Periodista, poeta y literato consumado; orador inimitable, militar voluntario, valeroso, en su persona se reúnen, por especial favor del destino, todas las cualidades que acreditan como grande a cualquier hombre que realmente las posee. Sus conciudadanos le han distinguido con honrosos cargos, y en todos queda de él la imperecedera memoria, ya como tribuno en las Cámaras, ya como magistrado fiscal en la Suprema Corte de Justicia.

Afiliado desde sus años juveniles en el partido liberal, concurrió con el contingente de su pluma y de su espada, tanto al triunfo de las leyes de Reforma, como a la caída del Gobierno imperial: jamás esquivó el peligro; jamás se desveló por entrar a la parte en el festín. En tiempo de paz nunca ha salido del silencio de su hogar, sino cuando se le ha solicitado con empeño.
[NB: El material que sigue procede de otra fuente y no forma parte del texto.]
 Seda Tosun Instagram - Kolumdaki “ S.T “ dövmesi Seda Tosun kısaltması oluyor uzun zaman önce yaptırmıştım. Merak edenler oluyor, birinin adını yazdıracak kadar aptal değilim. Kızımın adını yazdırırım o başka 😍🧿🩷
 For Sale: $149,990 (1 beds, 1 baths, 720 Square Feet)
            Altamirano pertenece a la raza indígena pura, y, como Juárez, es uno de los individuos que más le honran: todo se debe a su propio genio, a la paternal protección de un hacendado español, a cuya memoria consagra a cada instante tiernos recuerdos. Dicho español dejó un hijo mexicano, don Luis Rovalo, a quien Altamirano ve con ilimitado cariño fraternal, tanto por las mil bellas cualidades que le adornan, como por ser el descendiente y heredero de las virtudes y méritos de su ilustrado progenitor.

Los escritos del literato que me ocupa son tan numerosos como bellos.
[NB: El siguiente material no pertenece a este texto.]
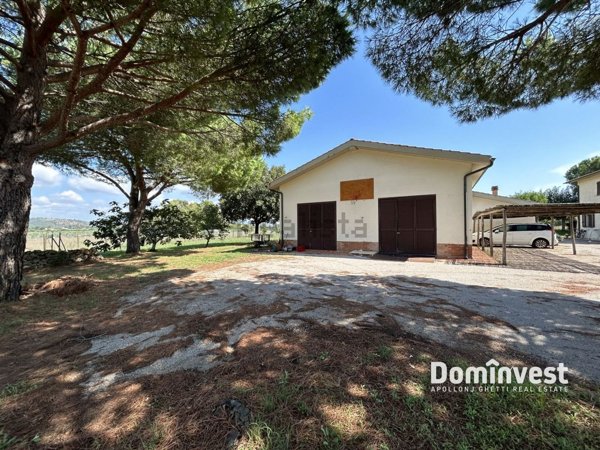 casa indipendente in vendita a Capalbio
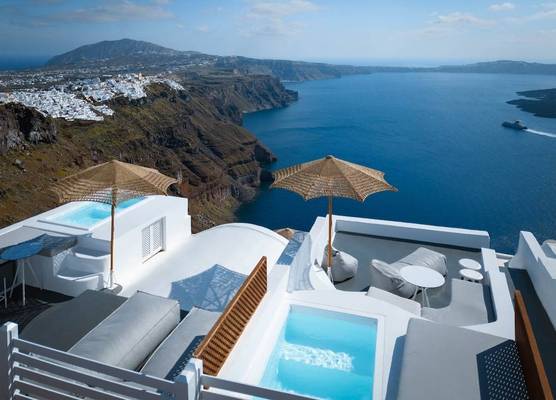 Cilon Suites Santorini 1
            Citaré únicamente el título de su precioso cuento romancesco Clemencia, interesante en su fábula, brillante en sus descripciones, acabado en la pintura de sus caracteres y en la forma castiza de su pintoresco estilo.
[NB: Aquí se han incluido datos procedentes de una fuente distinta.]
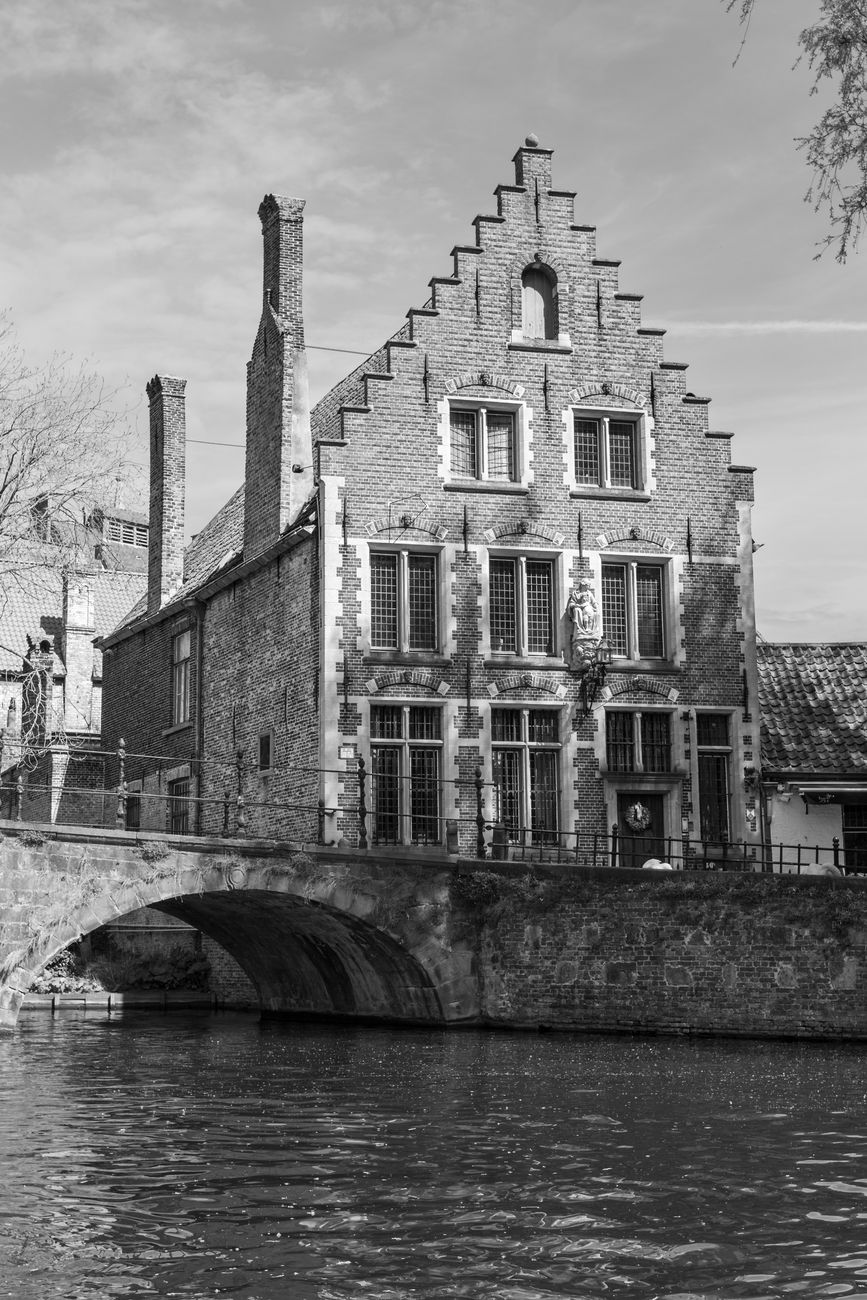 Brugge kasseien grachten historische gevels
Sus revistas literarias se han hecho notables por su profunda erudición, y la más célebre es la que escribió sobre el Baltasar de la Avellaneda, al representarse en México por la compañía del señor don José Valero en un beneficio de Savadora Vairon.

Sus bellas poesías, impregnadas de ese carácter particular que distingue a las tierras calientes, son un conjunto de sólidas bellezas y un legítimo timbre de gloria para su autor.

            Como militar se distingue por su valor y serenidad admirables, y lleva ganadas siete grandes acciones de guerra. Frente a Querétaro y durante la acción del 27 de abril, y cuando más arreciaba la lucha, el general Corona dio a Altamirano una comisión difícil, pero que le alejaba del campo de batalla: —“Me es muy penoso, contestó, separarme de este lugar a la hora del combate; cualquiera otra misión que no me aleje del peligro la cumpliré en el acto” —El ilustre general accedió a la valerosa súplica de aquel hombre heroica que por su energía y elocuencia fue llamado el Danton americano.

          En bien reducidas líneas acabo de encerrar la vida laboriosa y honrada de uno de los mexicanos de que con más justicia se enorgullece la historia moderna de la América.